» **Task statement**
Filter the records below and copy every line containing the word "Short".

» **Stored data**
>>>
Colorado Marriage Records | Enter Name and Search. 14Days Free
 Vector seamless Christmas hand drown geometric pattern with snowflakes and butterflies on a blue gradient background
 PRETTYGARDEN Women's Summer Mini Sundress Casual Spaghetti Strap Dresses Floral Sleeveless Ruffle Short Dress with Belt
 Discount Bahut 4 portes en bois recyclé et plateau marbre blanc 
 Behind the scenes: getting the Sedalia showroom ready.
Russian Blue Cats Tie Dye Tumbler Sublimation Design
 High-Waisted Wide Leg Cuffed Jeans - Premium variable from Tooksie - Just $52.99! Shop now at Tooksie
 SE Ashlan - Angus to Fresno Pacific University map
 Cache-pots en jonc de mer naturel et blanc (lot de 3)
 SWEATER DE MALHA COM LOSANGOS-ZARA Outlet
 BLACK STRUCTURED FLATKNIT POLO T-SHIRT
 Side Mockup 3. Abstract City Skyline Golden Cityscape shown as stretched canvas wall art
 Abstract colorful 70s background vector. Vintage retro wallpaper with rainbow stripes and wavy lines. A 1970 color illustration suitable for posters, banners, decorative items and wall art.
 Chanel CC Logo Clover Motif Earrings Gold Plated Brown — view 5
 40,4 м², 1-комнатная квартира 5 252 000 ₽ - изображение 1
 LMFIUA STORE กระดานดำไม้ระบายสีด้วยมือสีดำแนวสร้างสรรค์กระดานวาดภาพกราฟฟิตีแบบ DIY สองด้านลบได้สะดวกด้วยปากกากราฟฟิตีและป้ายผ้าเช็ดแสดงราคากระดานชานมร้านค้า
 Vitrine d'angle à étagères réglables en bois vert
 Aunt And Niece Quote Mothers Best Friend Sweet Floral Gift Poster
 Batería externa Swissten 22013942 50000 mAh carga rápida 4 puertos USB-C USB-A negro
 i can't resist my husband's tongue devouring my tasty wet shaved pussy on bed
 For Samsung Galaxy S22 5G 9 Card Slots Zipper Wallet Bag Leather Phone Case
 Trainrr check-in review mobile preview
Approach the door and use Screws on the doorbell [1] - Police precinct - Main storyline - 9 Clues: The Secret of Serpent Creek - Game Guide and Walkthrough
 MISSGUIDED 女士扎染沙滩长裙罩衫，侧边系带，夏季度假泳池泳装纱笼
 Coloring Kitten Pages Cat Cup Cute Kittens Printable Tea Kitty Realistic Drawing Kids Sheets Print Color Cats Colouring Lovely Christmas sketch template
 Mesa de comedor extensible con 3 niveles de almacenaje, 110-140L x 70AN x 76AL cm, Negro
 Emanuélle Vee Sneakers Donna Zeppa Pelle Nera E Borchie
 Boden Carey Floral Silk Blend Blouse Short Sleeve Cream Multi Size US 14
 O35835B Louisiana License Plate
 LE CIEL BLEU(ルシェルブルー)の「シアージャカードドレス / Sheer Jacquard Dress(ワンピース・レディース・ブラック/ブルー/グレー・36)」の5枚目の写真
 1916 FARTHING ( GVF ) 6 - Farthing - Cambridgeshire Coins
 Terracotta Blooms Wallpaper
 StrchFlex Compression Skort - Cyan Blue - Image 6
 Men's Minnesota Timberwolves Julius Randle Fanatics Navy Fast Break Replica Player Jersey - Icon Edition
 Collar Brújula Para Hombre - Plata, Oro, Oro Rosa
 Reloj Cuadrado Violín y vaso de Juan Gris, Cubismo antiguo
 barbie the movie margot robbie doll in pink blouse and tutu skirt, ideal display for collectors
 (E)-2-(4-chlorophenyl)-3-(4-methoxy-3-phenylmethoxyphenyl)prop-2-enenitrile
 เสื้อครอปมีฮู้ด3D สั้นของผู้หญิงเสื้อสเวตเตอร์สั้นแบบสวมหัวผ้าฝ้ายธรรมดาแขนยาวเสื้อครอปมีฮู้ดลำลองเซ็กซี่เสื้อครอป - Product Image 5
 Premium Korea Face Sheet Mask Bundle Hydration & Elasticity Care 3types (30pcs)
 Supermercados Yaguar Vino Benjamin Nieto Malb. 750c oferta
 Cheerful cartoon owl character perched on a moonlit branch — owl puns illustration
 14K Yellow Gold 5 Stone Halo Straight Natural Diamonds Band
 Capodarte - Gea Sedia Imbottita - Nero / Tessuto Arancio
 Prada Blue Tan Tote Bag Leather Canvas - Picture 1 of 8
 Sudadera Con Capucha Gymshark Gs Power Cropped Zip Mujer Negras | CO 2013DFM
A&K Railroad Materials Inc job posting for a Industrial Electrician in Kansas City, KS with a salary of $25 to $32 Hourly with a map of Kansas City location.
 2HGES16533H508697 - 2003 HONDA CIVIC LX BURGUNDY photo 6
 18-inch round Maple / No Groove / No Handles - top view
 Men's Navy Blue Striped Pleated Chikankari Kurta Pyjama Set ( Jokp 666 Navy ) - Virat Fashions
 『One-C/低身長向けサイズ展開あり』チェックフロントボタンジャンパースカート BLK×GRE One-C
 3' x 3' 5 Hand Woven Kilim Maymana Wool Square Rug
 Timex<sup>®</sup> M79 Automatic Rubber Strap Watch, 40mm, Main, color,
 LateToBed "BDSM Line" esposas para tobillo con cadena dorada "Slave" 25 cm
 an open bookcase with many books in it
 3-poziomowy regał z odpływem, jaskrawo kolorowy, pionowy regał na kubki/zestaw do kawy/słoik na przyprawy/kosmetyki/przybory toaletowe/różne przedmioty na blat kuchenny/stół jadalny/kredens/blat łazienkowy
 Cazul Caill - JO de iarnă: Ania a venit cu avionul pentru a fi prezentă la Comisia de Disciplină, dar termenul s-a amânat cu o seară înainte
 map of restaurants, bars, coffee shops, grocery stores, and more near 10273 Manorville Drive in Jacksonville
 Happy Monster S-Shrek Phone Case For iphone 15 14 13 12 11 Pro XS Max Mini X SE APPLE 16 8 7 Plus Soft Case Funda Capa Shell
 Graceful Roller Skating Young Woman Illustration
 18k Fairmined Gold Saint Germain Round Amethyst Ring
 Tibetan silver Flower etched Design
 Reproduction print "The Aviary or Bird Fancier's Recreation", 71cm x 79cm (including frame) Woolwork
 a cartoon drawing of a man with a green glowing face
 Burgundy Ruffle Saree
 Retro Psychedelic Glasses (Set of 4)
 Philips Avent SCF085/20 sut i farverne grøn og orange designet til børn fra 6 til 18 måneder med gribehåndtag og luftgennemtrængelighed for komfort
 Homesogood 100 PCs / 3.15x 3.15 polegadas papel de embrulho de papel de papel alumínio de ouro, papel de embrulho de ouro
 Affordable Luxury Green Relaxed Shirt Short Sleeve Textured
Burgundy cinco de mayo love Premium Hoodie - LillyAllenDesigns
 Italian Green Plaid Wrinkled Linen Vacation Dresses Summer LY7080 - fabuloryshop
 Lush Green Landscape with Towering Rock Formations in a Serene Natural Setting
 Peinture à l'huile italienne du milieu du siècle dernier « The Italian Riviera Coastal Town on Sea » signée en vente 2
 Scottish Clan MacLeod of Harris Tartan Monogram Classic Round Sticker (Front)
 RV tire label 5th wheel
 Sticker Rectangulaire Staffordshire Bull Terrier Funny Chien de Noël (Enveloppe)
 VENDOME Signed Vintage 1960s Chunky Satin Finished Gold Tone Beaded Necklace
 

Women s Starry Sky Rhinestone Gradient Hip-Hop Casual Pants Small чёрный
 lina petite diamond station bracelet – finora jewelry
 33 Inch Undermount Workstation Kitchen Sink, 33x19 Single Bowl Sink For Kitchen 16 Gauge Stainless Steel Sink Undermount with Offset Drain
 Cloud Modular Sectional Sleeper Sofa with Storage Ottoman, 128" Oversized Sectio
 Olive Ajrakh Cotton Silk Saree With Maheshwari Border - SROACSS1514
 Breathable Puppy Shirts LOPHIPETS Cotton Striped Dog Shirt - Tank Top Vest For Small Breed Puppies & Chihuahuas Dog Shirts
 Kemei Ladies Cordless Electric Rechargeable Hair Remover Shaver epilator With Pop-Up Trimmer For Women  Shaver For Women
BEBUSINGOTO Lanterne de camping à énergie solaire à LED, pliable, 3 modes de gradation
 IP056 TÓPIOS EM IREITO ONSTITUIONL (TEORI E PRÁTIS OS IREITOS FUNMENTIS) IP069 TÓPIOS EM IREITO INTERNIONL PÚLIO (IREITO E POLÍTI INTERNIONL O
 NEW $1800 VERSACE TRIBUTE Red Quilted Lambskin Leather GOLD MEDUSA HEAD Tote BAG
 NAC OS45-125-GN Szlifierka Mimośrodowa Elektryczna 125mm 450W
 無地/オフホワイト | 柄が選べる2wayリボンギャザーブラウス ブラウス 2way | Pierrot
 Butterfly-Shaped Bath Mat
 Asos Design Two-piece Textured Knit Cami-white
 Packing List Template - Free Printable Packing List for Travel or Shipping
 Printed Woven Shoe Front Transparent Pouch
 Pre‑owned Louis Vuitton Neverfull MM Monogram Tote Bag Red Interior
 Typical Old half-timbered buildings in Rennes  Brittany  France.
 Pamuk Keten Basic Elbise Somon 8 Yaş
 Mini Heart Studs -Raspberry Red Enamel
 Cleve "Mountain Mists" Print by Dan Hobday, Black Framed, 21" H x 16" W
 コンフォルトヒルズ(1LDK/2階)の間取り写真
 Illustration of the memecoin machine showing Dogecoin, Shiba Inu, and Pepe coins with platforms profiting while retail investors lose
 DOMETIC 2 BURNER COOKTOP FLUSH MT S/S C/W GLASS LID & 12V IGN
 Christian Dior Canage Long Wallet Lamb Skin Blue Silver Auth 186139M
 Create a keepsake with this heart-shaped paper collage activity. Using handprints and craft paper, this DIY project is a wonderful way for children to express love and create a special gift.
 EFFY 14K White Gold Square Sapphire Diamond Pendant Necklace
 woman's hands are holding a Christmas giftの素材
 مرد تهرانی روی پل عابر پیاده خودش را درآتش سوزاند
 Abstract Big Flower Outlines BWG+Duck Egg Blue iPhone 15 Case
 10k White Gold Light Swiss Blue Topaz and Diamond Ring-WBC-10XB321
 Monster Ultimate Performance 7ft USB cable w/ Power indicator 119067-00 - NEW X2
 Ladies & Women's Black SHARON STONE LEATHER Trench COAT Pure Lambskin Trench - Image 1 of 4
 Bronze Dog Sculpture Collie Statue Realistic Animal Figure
<<<
» **Exercise answer**
 PRETTYGARDEN Women's Summer Mini Sundress Casual Spaghetti Strap Dresses Floral Sleeveless Ruffle Short Dress with Belt
 Boden Carey Floral Silk Blend Blouse Short Sleeve Cream Multi Size US 14
 Affordable Luxury Green Relaxed Shirt Short Sleeve Textured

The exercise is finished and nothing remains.